The historical USA was not capable of truly enforcing the Monroe doctrine until almost the 20th century, Britain was actually the primary one enforcing it since ‘no further European colonies in America’ suited their goals. The fact that Britain grabbed the Falkland islands and Belize without the US enforcing anything really highlights that. And the post-civil-war US would have to get to work enforcing in immediately, since there was already a major crisis.[/quote]
Yes/No. What is usually forgotten in American history, or for that matter, present, is that the Caribbean was not some far-off and unknown sea of mystery. Heavy American trade with the region dates back to long before Independence. The U.S. acted as a silent partner in numerous Latin American revolutions. Revolutionaries often traveled through New York as much as London, and used U.S. territory as a safe harbour in time of need. Of course, who knows what would have happened had the Confederacy broken off, but in point of fact the French position in Mexico was weak from the get-go, and North alone could have easily supplied Juarez with sufficient arms and support.
Dont forget that now there were railroads capable of moving large amounts of men and equipment. Some have said that if the civil war had come say 20 years earlier and seeing most “roads” in the south were not that great its doubtful the north could have moved enough troops to take the south.

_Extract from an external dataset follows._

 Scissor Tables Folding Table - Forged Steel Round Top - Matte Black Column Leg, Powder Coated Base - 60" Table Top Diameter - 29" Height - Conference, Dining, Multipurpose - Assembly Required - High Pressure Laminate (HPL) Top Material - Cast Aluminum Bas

And that is the problem with U.S. history as taught through high school in the U.S. The Daughter’s of the Confederacy and other groups have set out to completely whitewash the history of slavery and racism in this country. No one at the time had any doubt about why the South was fighting the war. They did not hide it, they not only felt no shame about wanting to expand slavery, they felt it was a moral imperative.
One can’t “white” wash slavery.
The Southern states wanted to keep control of the house of representatives by counting slaves as citizens. The compromise with the North was that Black people be counted as 3/4 of a person.
Well, they wanted to “count” slaves for the purposes of having seats in the House of Representatives allocated to them. They weren’t actually going to let them vote or anything like that. It’s not exactly wildly unreasonable for the states with no or few slaves to say “Hey, you guys are saying this group of human beings are ‘property’ but then you also want to count them like everyone else for the purposes of political representation. What’s up with that?”
Unfortunately everyone then compromised on the issue–the states without slavery or where slavery was in fact clearly on its way out didn’t say “No political representation for people you’re saying you own. Want to increase your representation in the House of Representatives? Start freeing your slaves, like we’re doing!” Maybe without various compromises on slavery the country would have been stillborn; but maybe, if the people in charge back then had understood just how destructive the issue was going to be, they would have found some way to actually put slavery “in the course of ultimate extinction”, and this country might be a century farther along in the path to equal justice and domestic tranquility.
Not sure how that is a response to what I wrote. Almost everyone involved with setting up the Constitution was racist. What does that have to do with the concerted effort to rewrite the history of the Confederacy over 100 years later?